Below is a listing with pictures in it; transcribe exactly the lines from the one that has "55mm Circular Polarizing" through the one that has "Смартфон Samsung Galaxy", and omit those pictures.

Segment Start: Given data

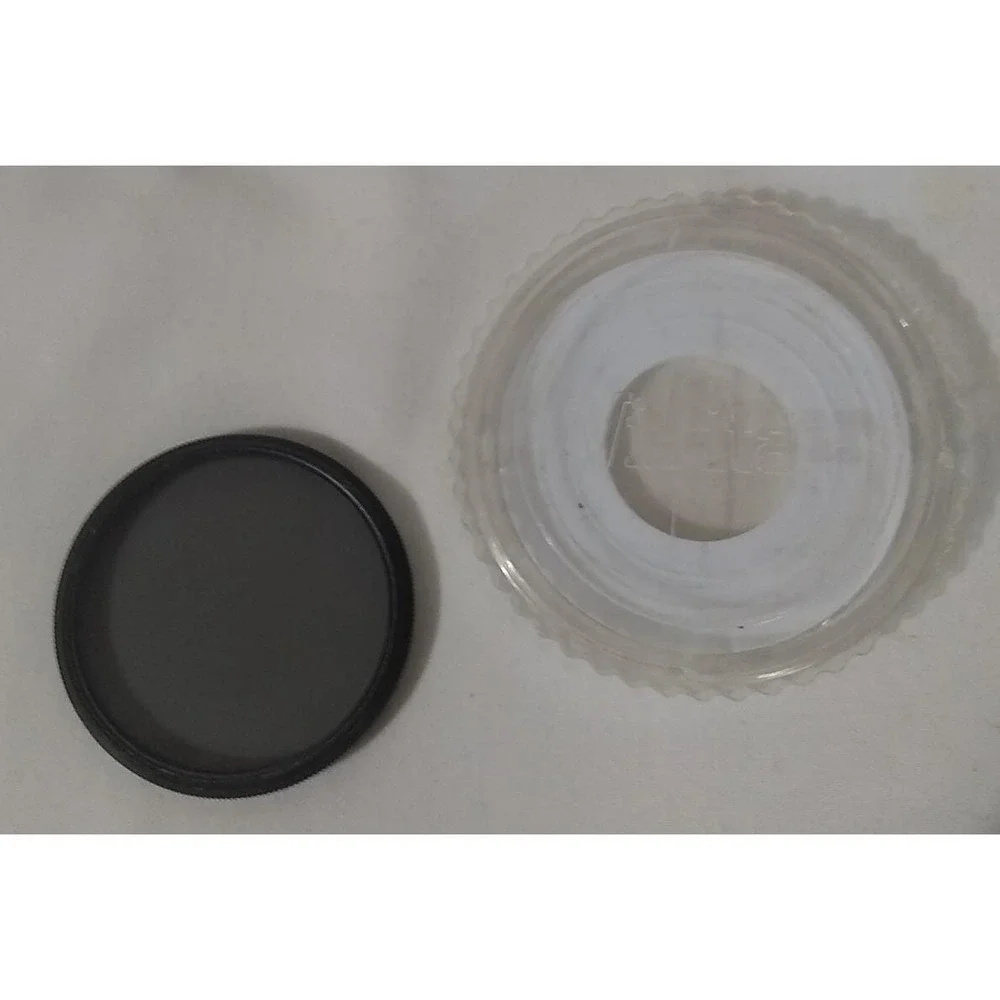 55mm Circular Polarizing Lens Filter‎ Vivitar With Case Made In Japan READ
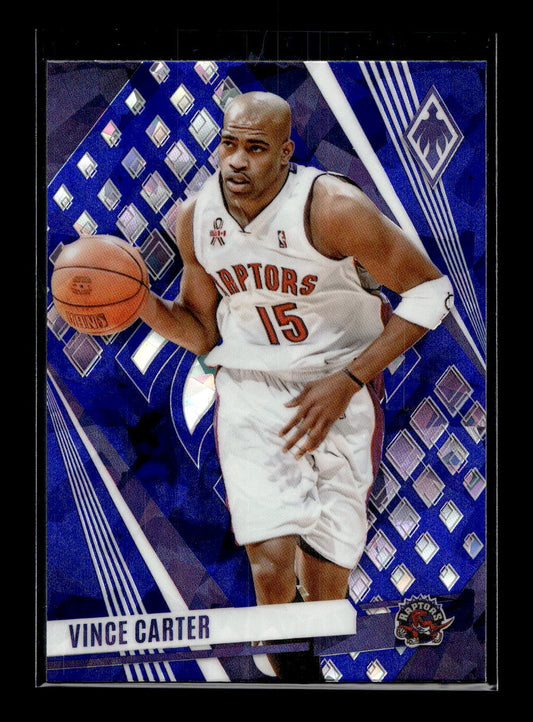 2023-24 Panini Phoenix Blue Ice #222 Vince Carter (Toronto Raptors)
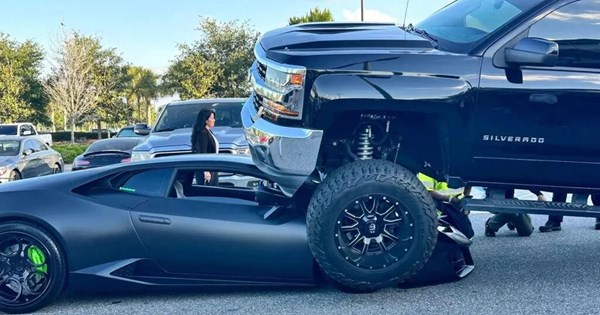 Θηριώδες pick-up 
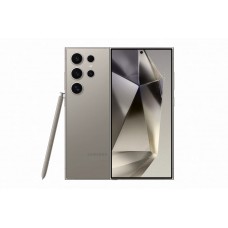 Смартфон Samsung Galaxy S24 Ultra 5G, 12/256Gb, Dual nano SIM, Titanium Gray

Segment End: Given data
Segment Start: Given data

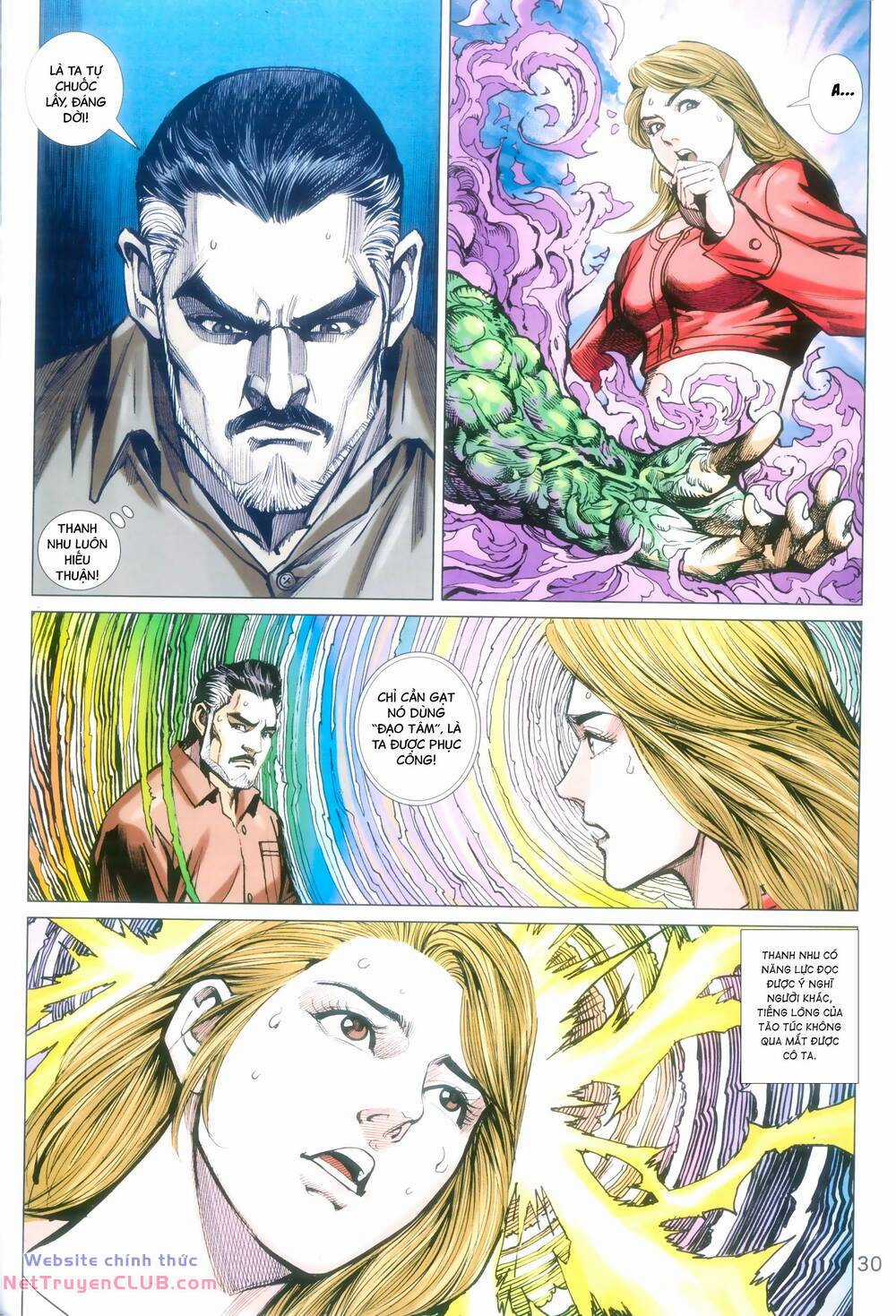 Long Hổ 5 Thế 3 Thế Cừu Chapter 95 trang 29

Segment End: Given data

_Response to the exercise_
 55mm Circular Polarizing Lens Filter‎ Vivitar With Case Made In Japan READ
 2023-24 Panini Phoenix Blue Ice #222 Vince Carter (Toronto Raptors)
 Θηριώδες pick-up 
 Смартфон Samsung Galaxy S24 Ultra 5G, 12/256Gb, Dual nano SIM, Titanium Gray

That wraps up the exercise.